#### Data records
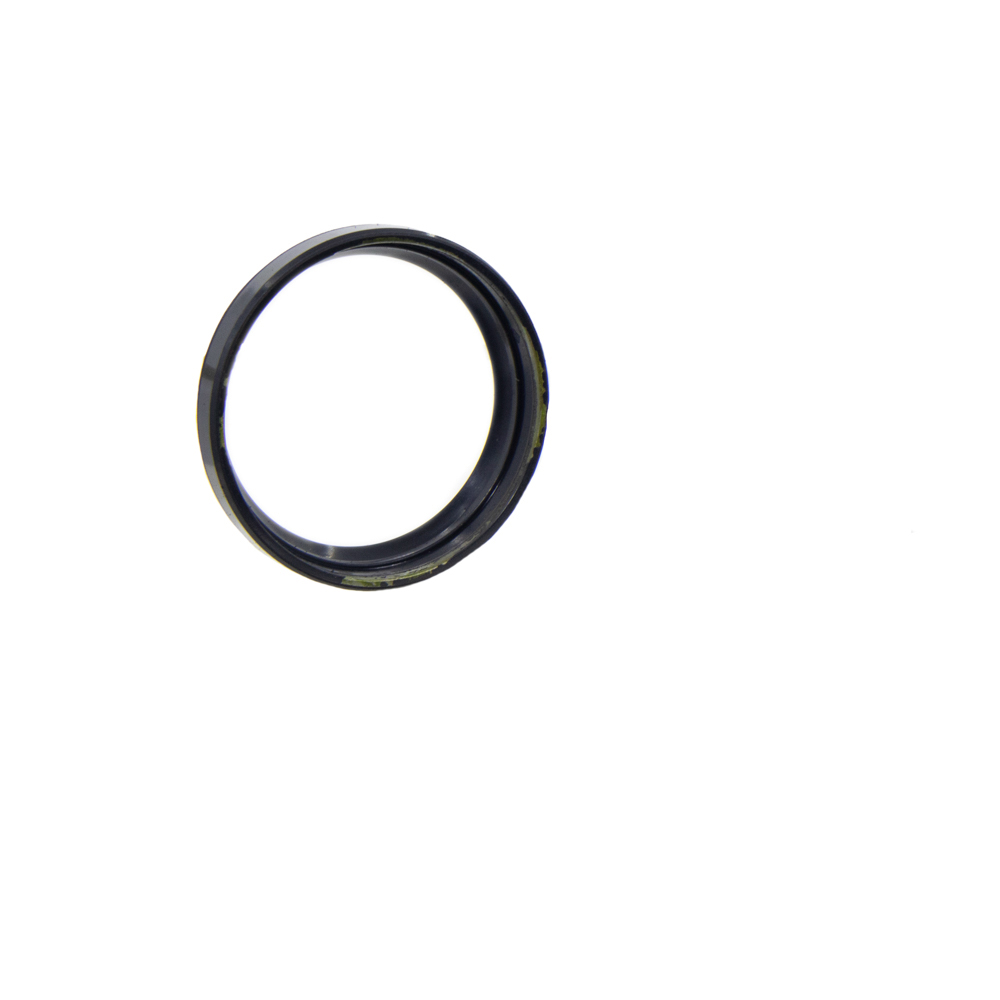 T1008 35X41X5.5/9.1 Ads-s
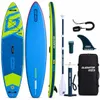 Gladiator ONE 9'6 KID Kinder SUP Board aufblasbar Produktbild-Vorschau 1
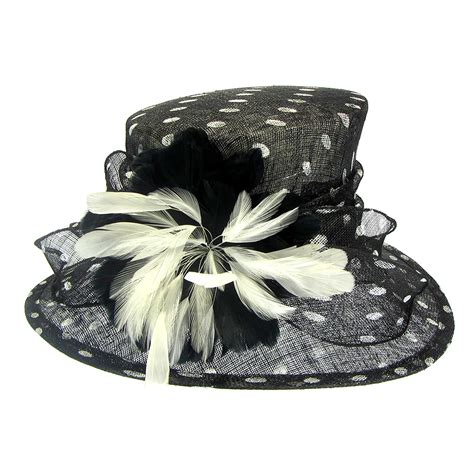 Church Women Cliparts #2488218 | Clipart Library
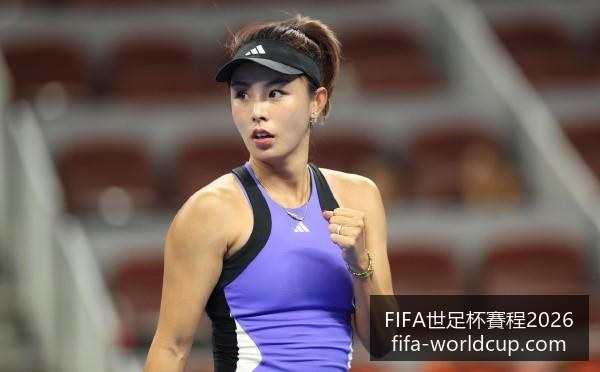 英超联赛,曼城以,击败切尔西,FIFA世足杯赛程2026官网,FIFA世足杯赛程,FIFA世足杯直播,FIFA世足杯投注,FIFA世足杯赛事分析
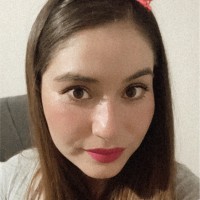Katerine Arteaga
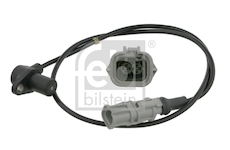 Generátor impulsů, klikový hřídel FEBI BILSTEIN 24859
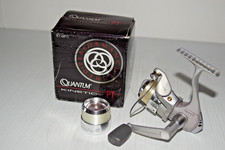 Mulinello da spinning Quantum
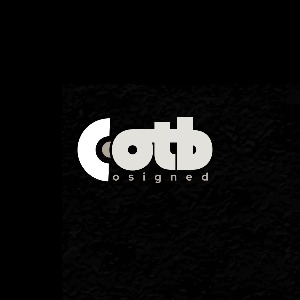 Owner, Creative Director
########
- _Work item_
With the pictures removed, write out exactly the lines from the line containing "Katerine Arteaga" through the last line of the material above, both included.

- _Answer to this exercise_
Katerine Arteaga
 Generátor impulsů, klikový hřídel FEBI BILSTEIN 24859
 Mulinello da spinning Quantum
 Owner, Creative Director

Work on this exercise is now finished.